# help choosing a summer tire for mk5 jetta gli



## 1986 jetta gli (May 1, 2004)

Getting ready to buy a set of tires for these 18 inch Oz Chronos. Putting the on a 2006 jetta gli. Someone please guide me to the best summer tire with a budget of $100- $150.00/tire and where to buy this tire from for the best price?
The wheels are 7JX18H2. Previous tires on them were 225/40ZR 18.
I have just ordered H&R race springs as well. 
Also let me know what else im missing for a good look and fit, thanks.
If anyone has photos of this car with these wheels and maybe springs i would appreciate you posting it up.

can anyone help?


----------



## 1986 jetta gli (May 1, 2004)

can anyone help?


----------



## 1986 jetta gli (May 1, 2004)

*photos*

here are some photos of the wheels.. 

http://img.photobucket.com/albums/v327/1986jettagli/wheel10.jpg
http://img.photobucket.com/albums/v327/1986jettagli/wheel9.jpg
http://img.photobucket.com/albums/v327/1986jettagli/wheel8.jpg
http://img.photobucket.com/albums/v327/1986jettagli/wheel7.jpg
http://img.photobucket.com/albums/v327/1986jettagli/wheel6.jpg
http://img.photobucket.com/albums/v327/1986jettagli/wheel5.jpg
http://img.photobucket.com/albums/v327/1986jettagli/wheel4.jpg
http://img.photobucket.com/albums/v327/1986jettagli/wheel3.jpg
http://img.photobucket.com/albums/v327/1986jettagli/wheel2.jpg
http://img.photobucket.com/albums/v327/1986jettagli/wheel1.jpg


please let me know what summer tire you would suggest so it looks good and works well with the h&r race springs i just ordered thanks


----------



## combatready_2003 (Oct 4, 2008)

A fellow MKV GLI owner:wave:. I can say from personal experience that The Continental DW summer tire is an excellent tire for the money. The Dunlop SP Sport Maxx GT tire is pretty good from what I heard too. You should check out The Tire Rack website.


----------



## 1986 jetta gli (May 1, 2004)

The jetta is salsa red i am having the oz cronos refinished repainted to a darker gray maybe gunmetal color.. 
Can anyone suggest the color that i should choose for painting the wheels?

Gunmetal? 
Satin black?
Any photos appreciated as well..


----------



## 1986 jetta gli (May 1, 2004)

The jetta is salsa red i am having the oz cronos refinished repainted to a darker gray maybe gunmetal color.. 
Can anyone suggest the color that i should choose for painting the wheels?

Gunmetal? 
Satin black?
Any photos appreciated as well..


----------



## 1986 jetta gli (May 1, 2004)

*Hub Centric Rings???*

What size Hub Centric Rings do i need to fit these OZ RACING 18' CRONO'S ON MY MK5 JETTA GLI?


----------



## [email protected] (Apr 9, 2008)

1986 jetta gli said:


> What size Hub Centric Rings do i need to fit these OZ RACING 18' CRONO'S ON MY MK5 JETTA GLI?

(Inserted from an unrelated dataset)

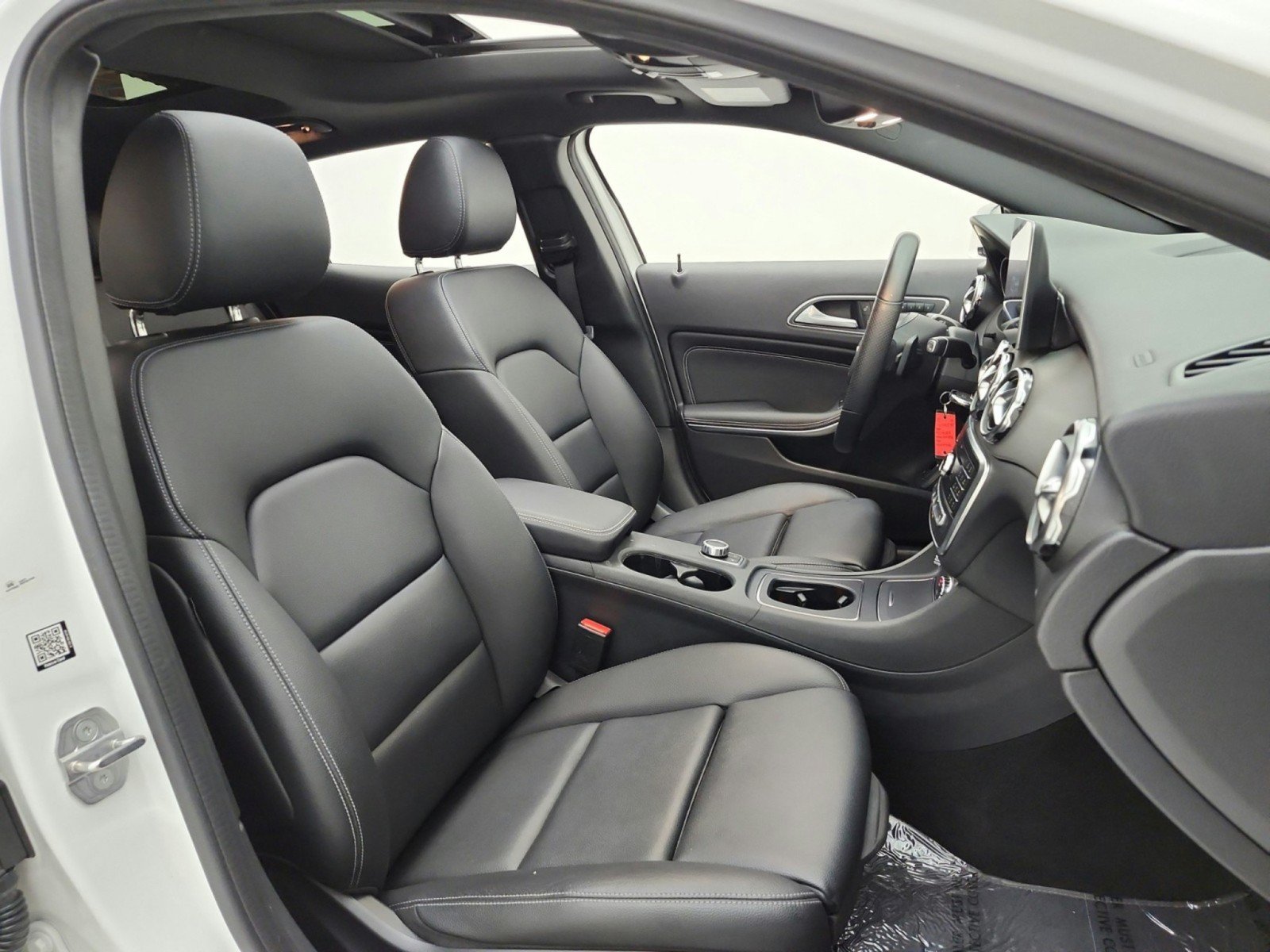 Certified 2020 Mercedes-Benz GLA 250 4MATIC image 20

You'll need to have the centerbore measured to be on the safe side. The wheel is no longer in our database, so we don't have any specs.


----------



## 1986 jetta gli (May 1, 2004)

i am having the wheels powdercoated satin black, any suggestions what to do with the center caps?
i will also need a set of lug nuts to match all 4 satin black ozs, where should i order those? what size lug nuts should i look for for these oz crono evolution wheels?


----------



## 1986 jetta gli (May 1, 2004)

i am having the wheels powdercoated satin black, any suggestions what to do with the center caps?
i will also need a set of lug nuts to match all 4 satin black ozs, where should i order those? what size lug nuts should i look for for these oz crono evolution wheels?


----------